Image-text web data
____________
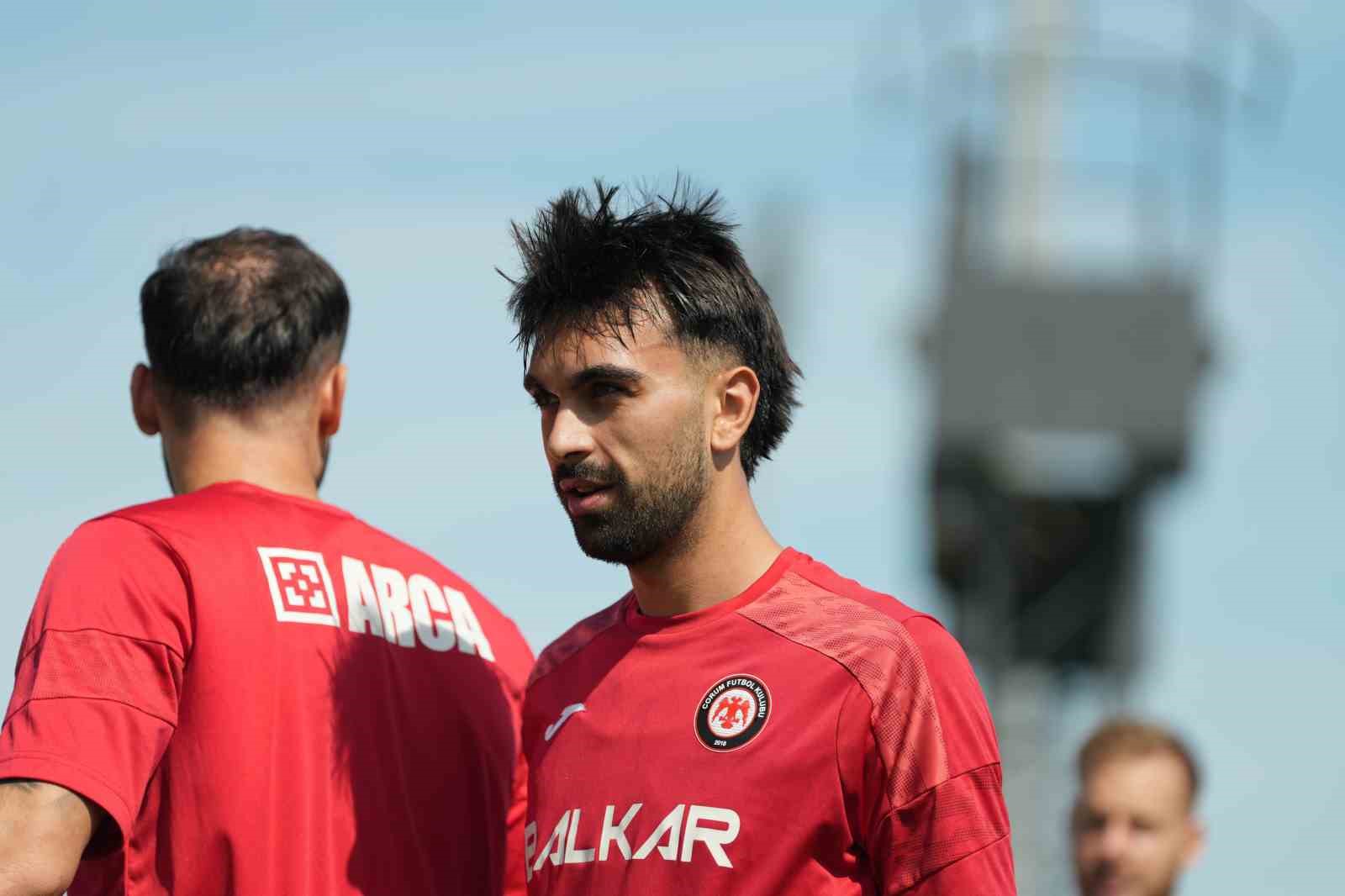 MİLLİ MAÇLAR NEDENİYLE LİGE VERİLEN ARADA ANTALYA'DA KAMPA GİREN TRENDYOL SÜPER LİG EKİPLERİNDEN ÇORUM FK, ÇALIŞMALARINI ÇİFT ANTRENMANLA SÜRDÜRÜYOR.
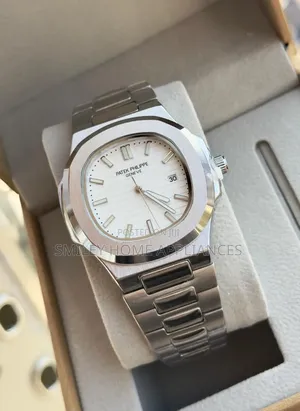 Men's Authentic Silver Strapped Patek Phillipe Wrist Time Wear.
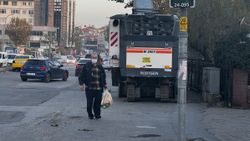 Ümraniye'de levhasız yapılan yol çalışması, araçları zarar veriyor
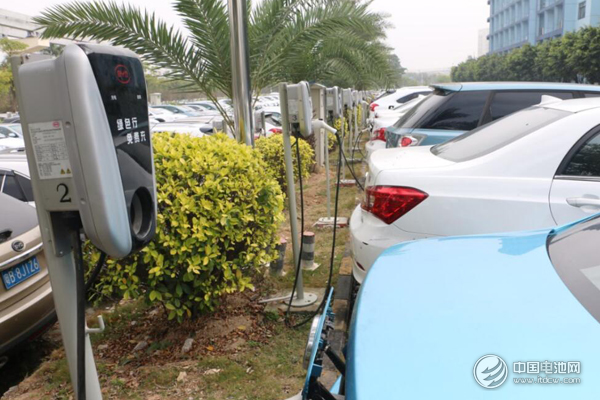 新能源車(chē)欲漲價(jià)迎“退補(bǔ)” 新一輪洗牌或在所難免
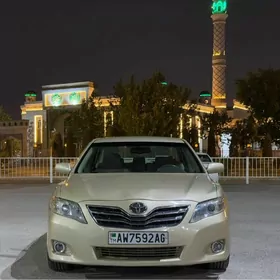 Toyota Camry 2010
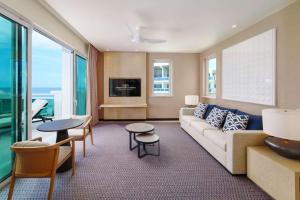 圣菲利普Wyndham Grand Barbados Sam Lords Castle All Inclusive Resort的客厅配有沙发、桌子和窗户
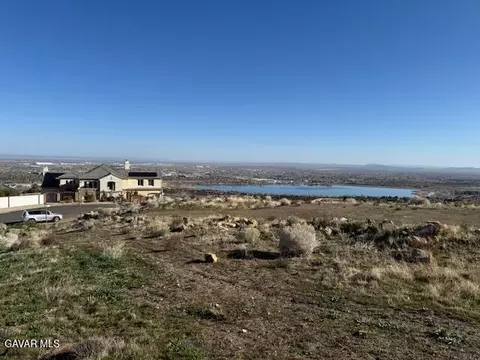 514 Vic Lakeview Dr W, Palmdale, CA 93551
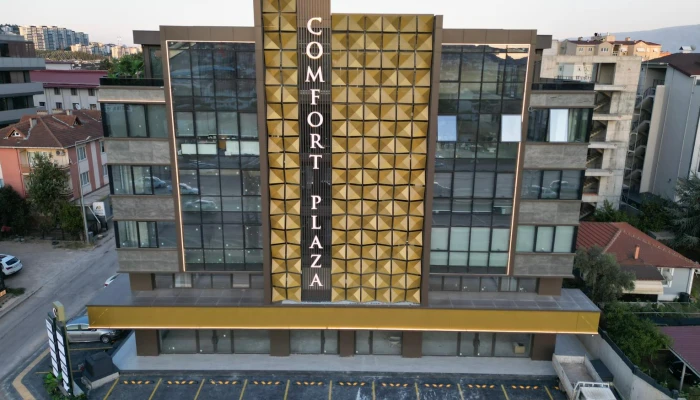 WhatsApp Image 2025-08-22 at 14.10.14 (2).jpg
____________
### [Brief]
Could you return exactly the lines starting with the one that contains "Toyota Camry 2010" and ending with the last line of the data above? Leave the pictures out.

### [Answer to the problem]
 Toyota Camry 2010
 圣菲利普Wyndham Grand Barbados Sam Lords Castle All Inclusive Resort的客厅配有沙发、桌子和窗户
 514 Vic Lakeview Dr W, Palmdale, CA 93551
 WhatsApp Image 2025-08-22 at 14.10.14 (2).jpg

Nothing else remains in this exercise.